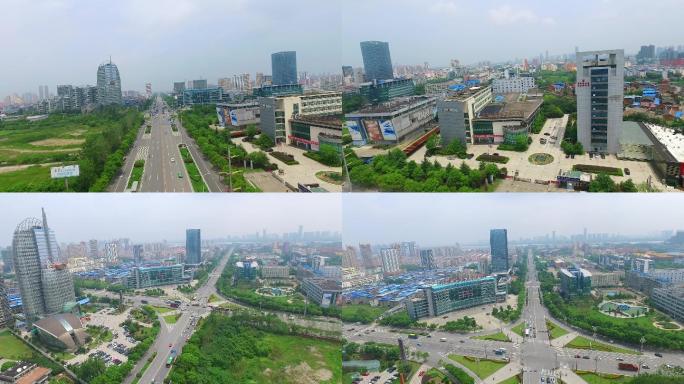 江西南昌国家高新技术产业开发区航拍
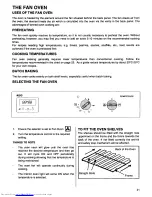 Preview for 21 page of AEG Competence 3030 B Operating Instructions Manual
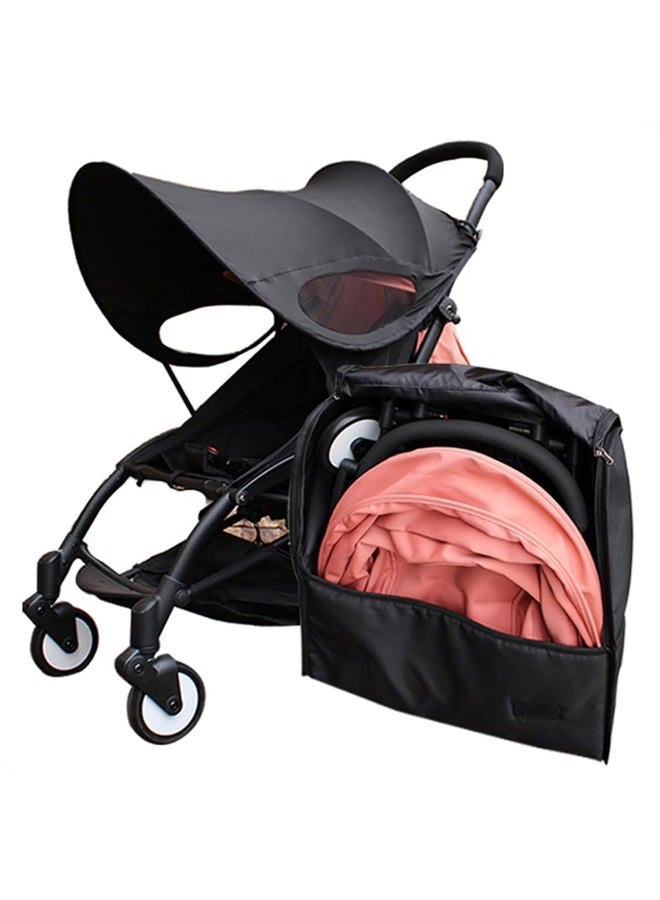 ROMIRUS Baby Stroller Travel Bag Compatible for Babyzen YOYO/YOYO+/ YOYO2, Durable and Lightweight Stoller Travel Bag with Backpack Straps for Storage and Airport Gate Check, Stroller Bag for Airplane - Image 4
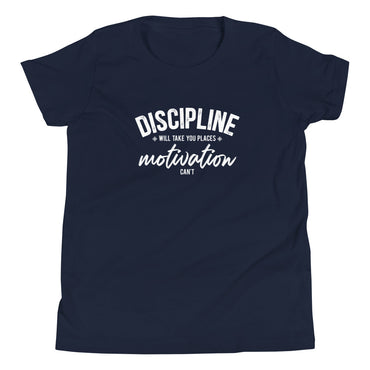 Mike Sorrentino Discipline Takes You Places Kids Shirt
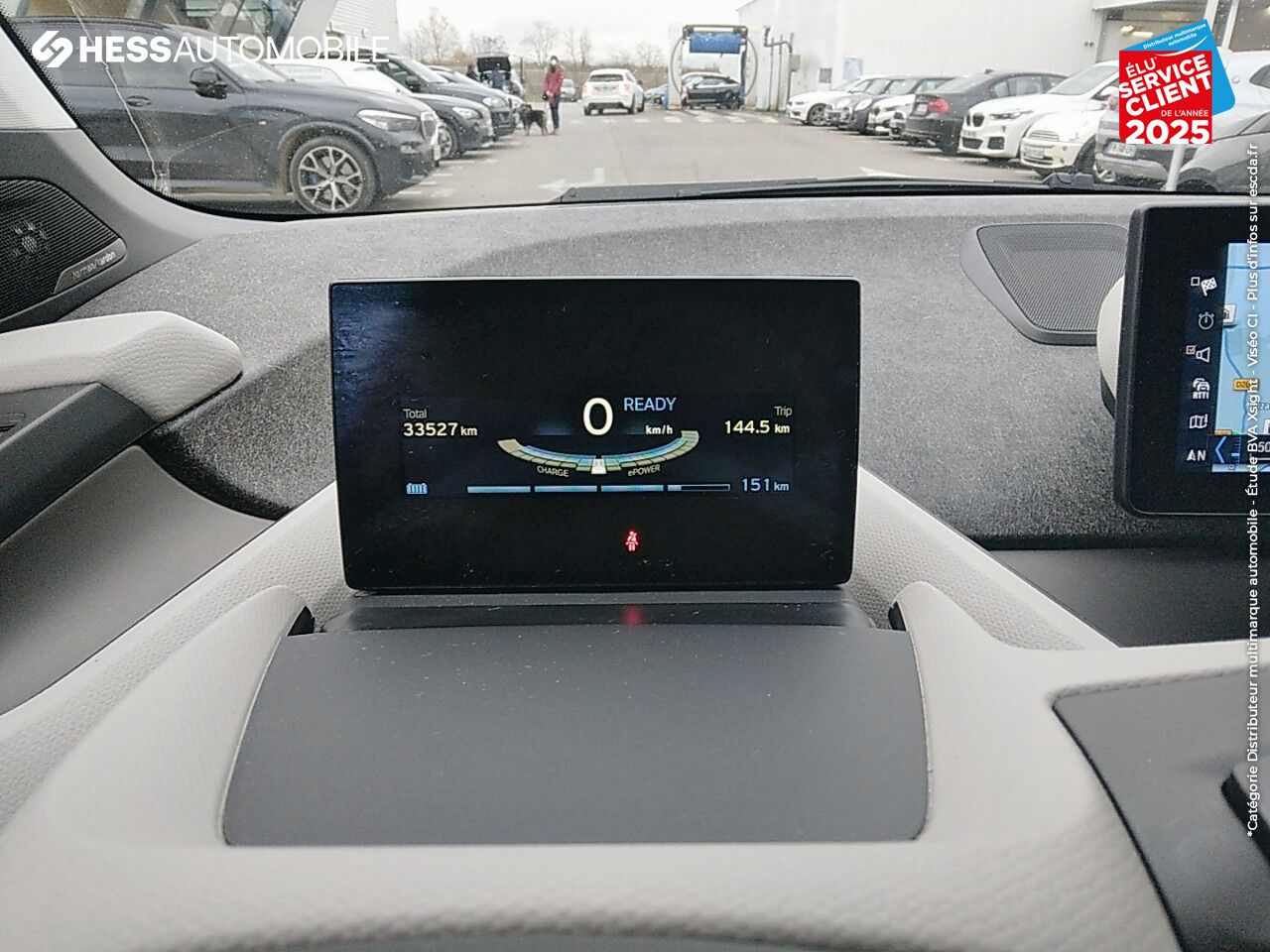 Véhicule d'occasion BMW I3 170CH 94AH +CONNECTED LOFT HKARDON JA19 GPS chez BMW Mulhouse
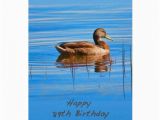 89th Birthday Card Birthday 89th Mallard Duck Card Zazzle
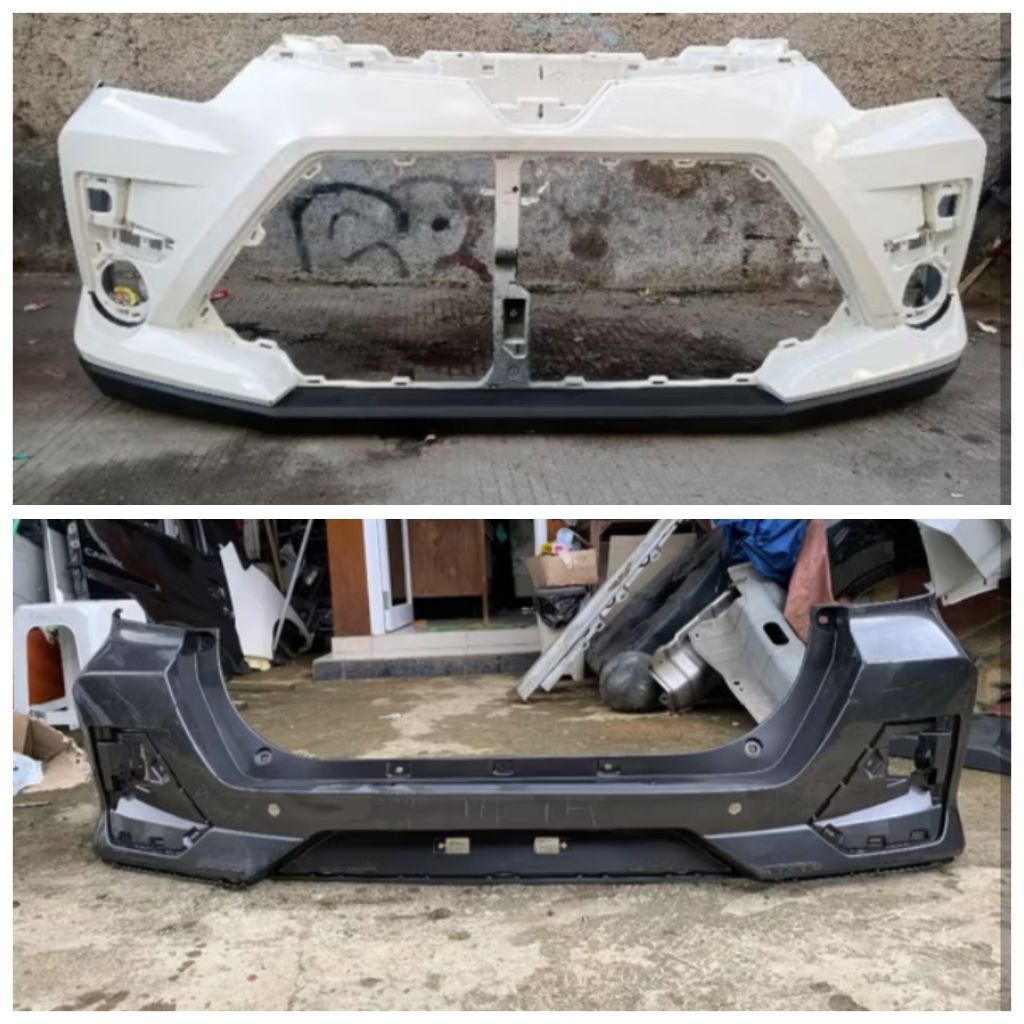 bemper depan belakang raize rocky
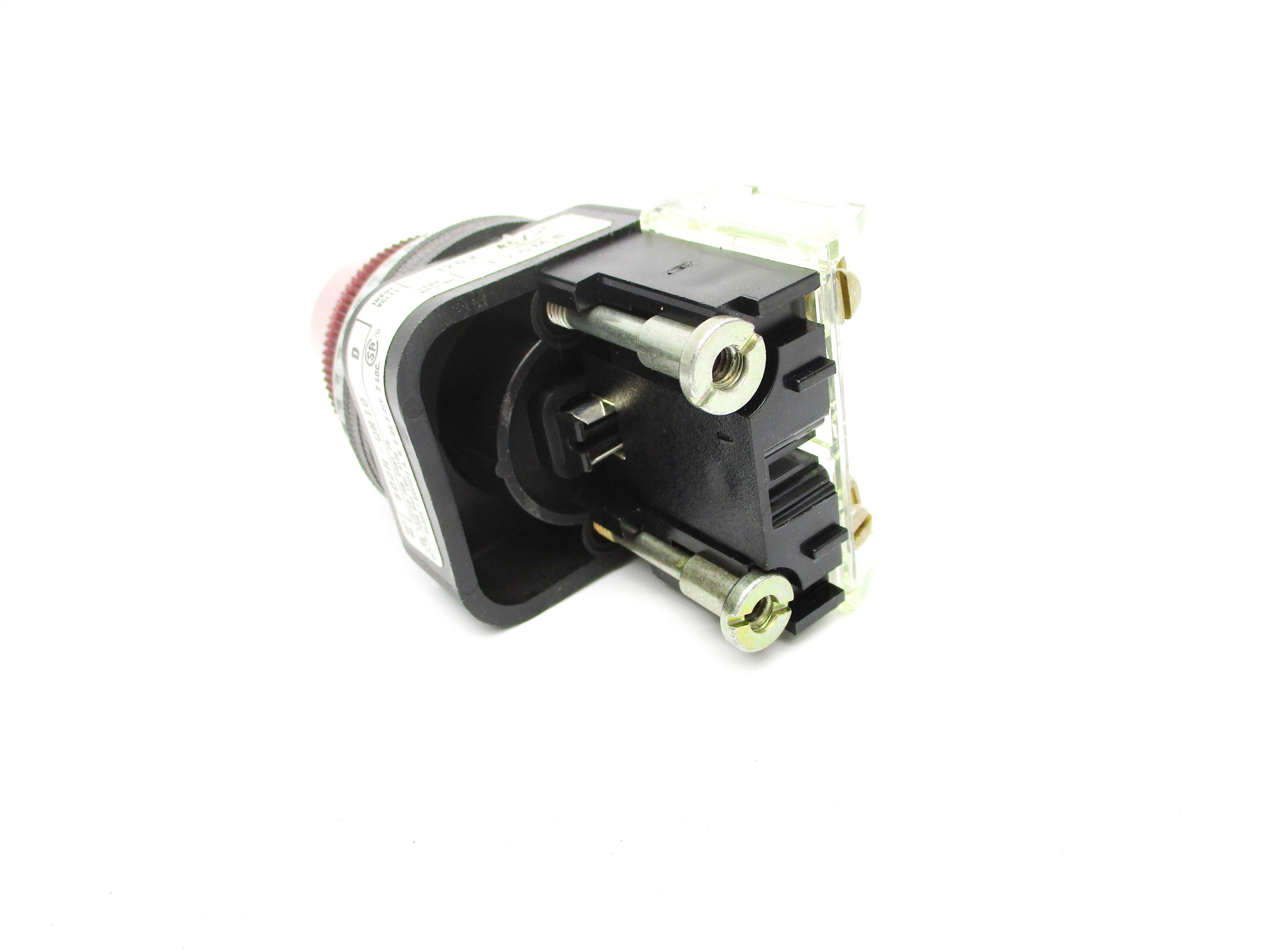 INDUSTRIAL SPARE PART 800H-QR10R SER. D 120V (BK/YL) NSMP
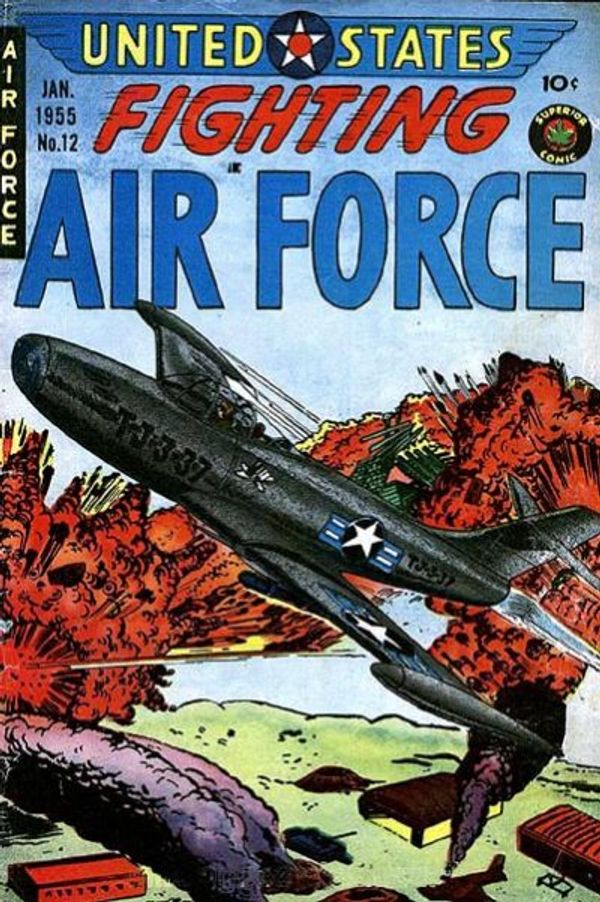 U.S. Fighting Air Force #12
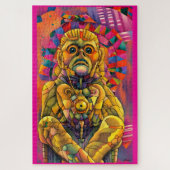 Monkey Around, Monkey Out ジグソーパズル (縦)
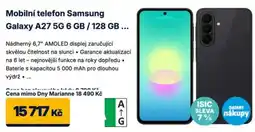Datart Samsung Galaxy A27 5G 6 GB / 128 GB nabídka
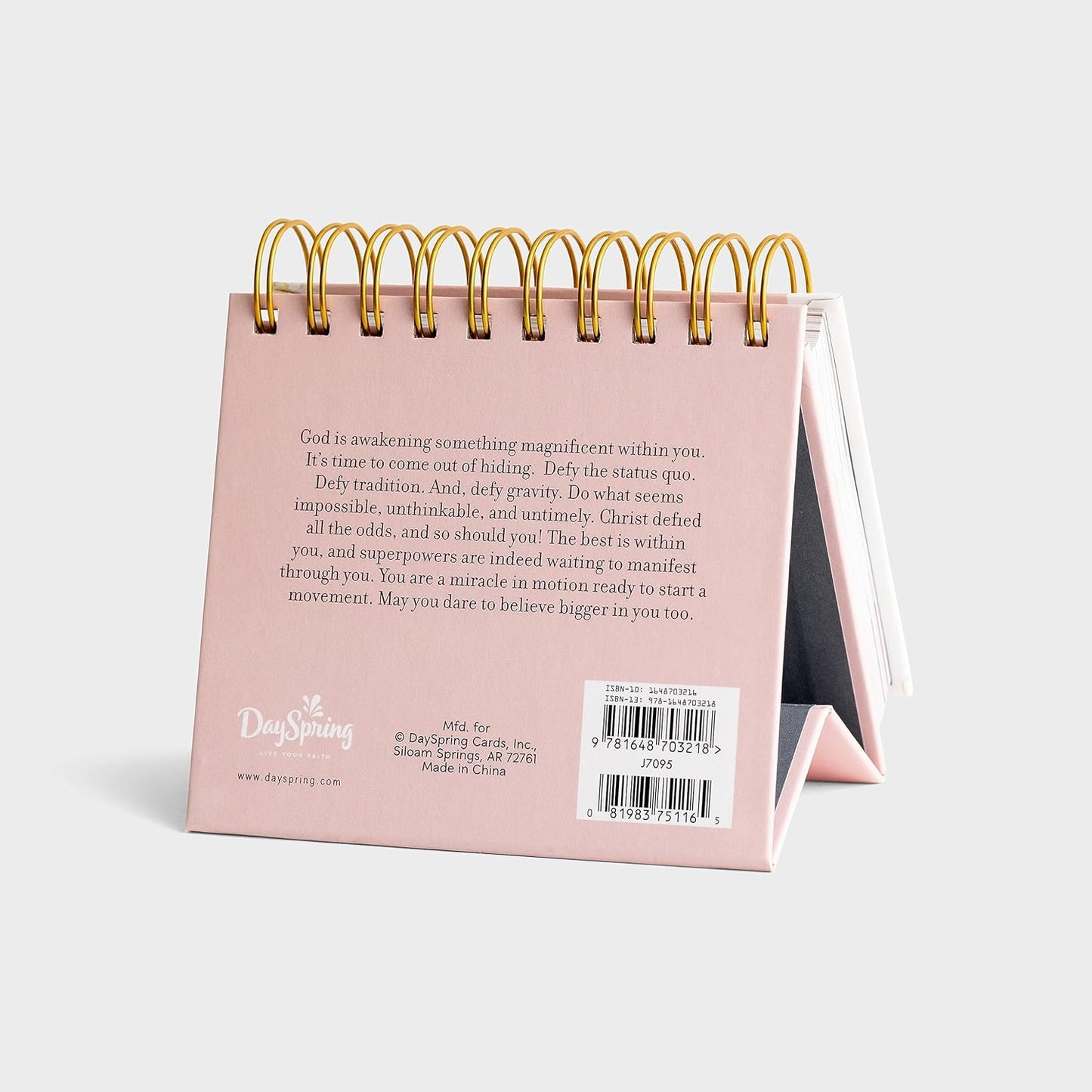 365 Days of Believing Bigger: An Inspirational DaySpring DayBrightener - Perpetual Calendar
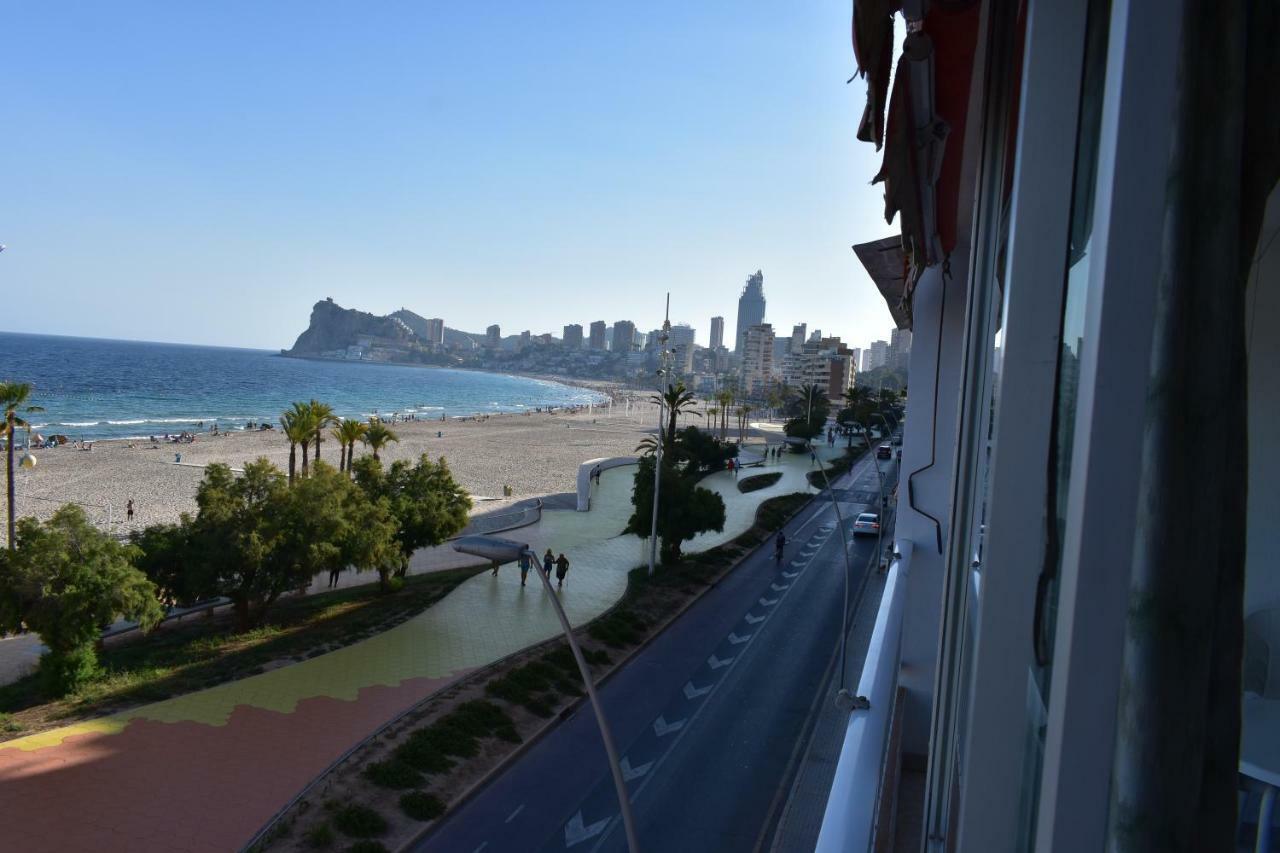 Montesol Primera Linea Trg Benidorm Exterior foto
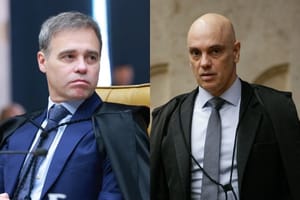 André Mendonça rebate Alexandre de Moraes e diz que colega adota "métodos ilegais"
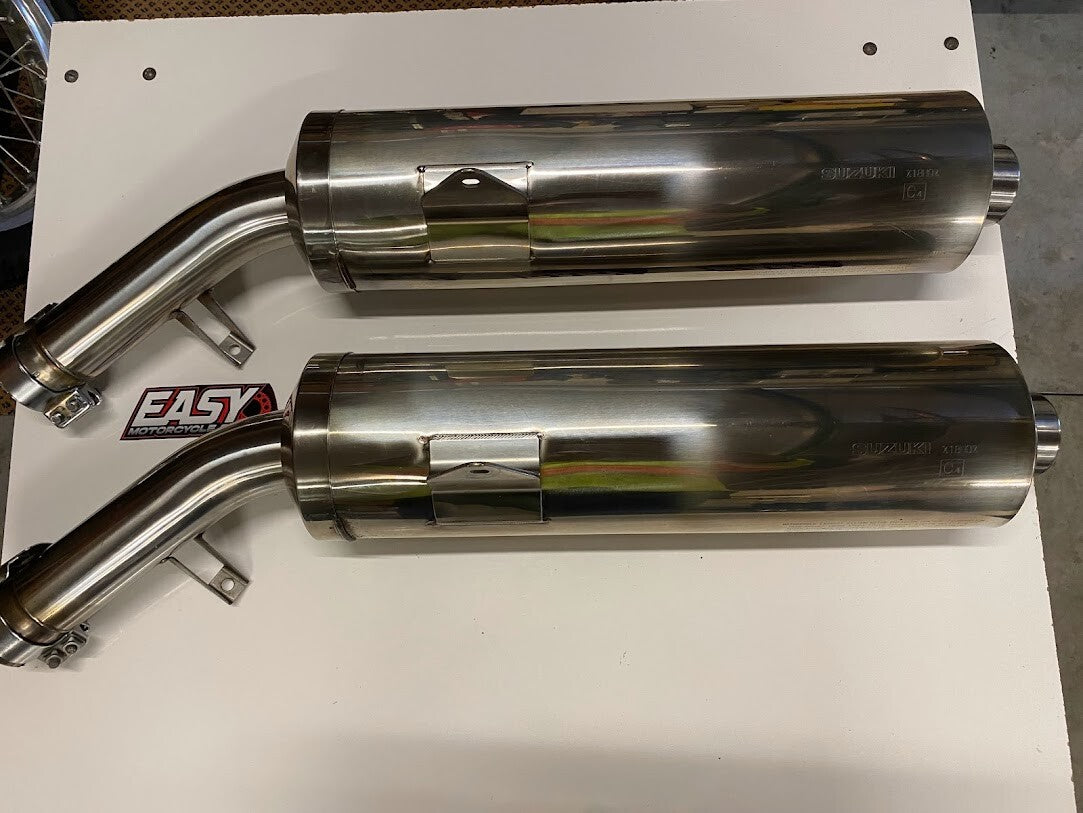 OEM Standard Mufflers Suzuki Bandit 1250 2012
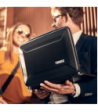 Thule Gauntlet MacBook® Sleeve. Sort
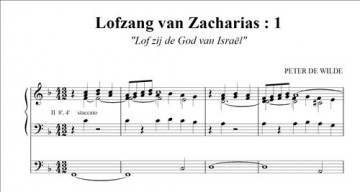 Wilde, Peter de - Kerstgezangen voor orgel 2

------------------------------------

### Problem requirements
All lines from the one with "Montesol Primera Linea" through the end of the records above must be reproduced exactly, both ends included, and the pictures must be left out.

### Task solution
 Montesol Primera Linea Trg Benidorm Exterior foto
 André Mendonça rebate Alexandre de Moraes e diz que colega adota "métodos ilegais"
 OEM Standard Mufflers Suzuki Bandit 1250 2012
 Thule Gauntlet MacBook® Sleeve. Sort
 Wilde, Peter de - Kerstgezangen voor orgel 2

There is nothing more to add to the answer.